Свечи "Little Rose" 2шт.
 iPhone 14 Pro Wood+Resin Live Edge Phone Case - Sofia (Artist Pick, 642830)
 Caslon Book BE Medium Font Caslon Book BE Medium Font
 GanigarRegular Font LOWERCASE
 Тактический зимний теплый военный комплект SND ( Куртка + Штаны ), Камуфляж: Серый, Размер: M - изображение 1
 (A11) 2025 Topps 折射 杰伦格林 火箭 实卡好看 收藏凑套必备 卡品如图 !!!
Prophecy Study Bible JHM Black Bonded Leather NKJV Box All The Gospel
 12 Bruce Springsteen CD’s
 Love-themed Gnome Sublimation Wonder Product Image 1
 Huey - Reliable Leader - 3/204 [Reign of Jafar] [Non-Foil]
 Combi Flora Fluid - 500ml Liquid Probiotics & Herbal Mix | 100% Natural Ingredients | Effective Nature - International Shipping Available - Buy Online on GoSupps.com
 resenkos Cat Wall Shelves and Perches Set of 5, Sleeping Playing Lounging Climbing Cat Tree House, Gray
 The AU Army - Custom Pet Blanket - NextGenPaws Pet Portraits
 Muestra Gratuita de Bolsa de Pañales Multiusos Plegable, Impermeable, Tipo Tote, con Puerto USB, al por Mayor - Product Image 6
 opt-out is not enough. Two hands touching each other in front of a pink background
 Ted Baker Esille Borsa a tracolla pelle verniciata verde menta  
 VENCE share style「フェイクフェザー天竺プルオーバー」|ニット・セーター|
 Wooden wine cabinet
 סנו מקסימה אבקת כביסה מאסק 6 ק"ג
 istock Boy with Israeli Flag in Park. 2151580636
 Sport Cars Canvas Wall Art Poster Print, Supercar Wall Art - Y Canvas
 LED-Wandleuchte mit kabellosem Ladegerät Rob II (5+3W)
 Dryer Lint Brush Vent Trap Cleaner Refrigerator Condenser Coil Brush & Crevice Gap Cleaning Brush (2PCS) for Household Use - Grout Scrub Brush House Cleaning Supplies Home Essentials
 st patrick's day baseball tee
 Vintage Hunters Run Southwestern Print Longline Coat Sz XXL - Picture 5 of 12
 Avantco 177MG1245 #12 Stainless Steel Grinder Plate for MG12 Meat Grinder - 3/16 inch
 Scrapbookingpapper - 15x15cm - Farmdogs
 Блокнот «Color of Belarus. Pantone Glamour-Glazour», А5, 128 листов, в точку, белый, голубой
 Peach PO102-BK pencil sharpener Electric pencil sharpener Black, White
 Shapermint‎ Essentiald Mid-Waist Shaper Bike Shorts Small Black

Problem:
Pull every line containing "Black" from the material above.

Exercise result:
Prophecy Study Bible JHM Black Bonded Leather NKJV Box All The Gospel
 Peach PO102-BK pencil sharpener Electric pencil sharpener Black, White
 Shapermint‎ Essentiald Mid-Waist Shaper Bike Shorts Small Black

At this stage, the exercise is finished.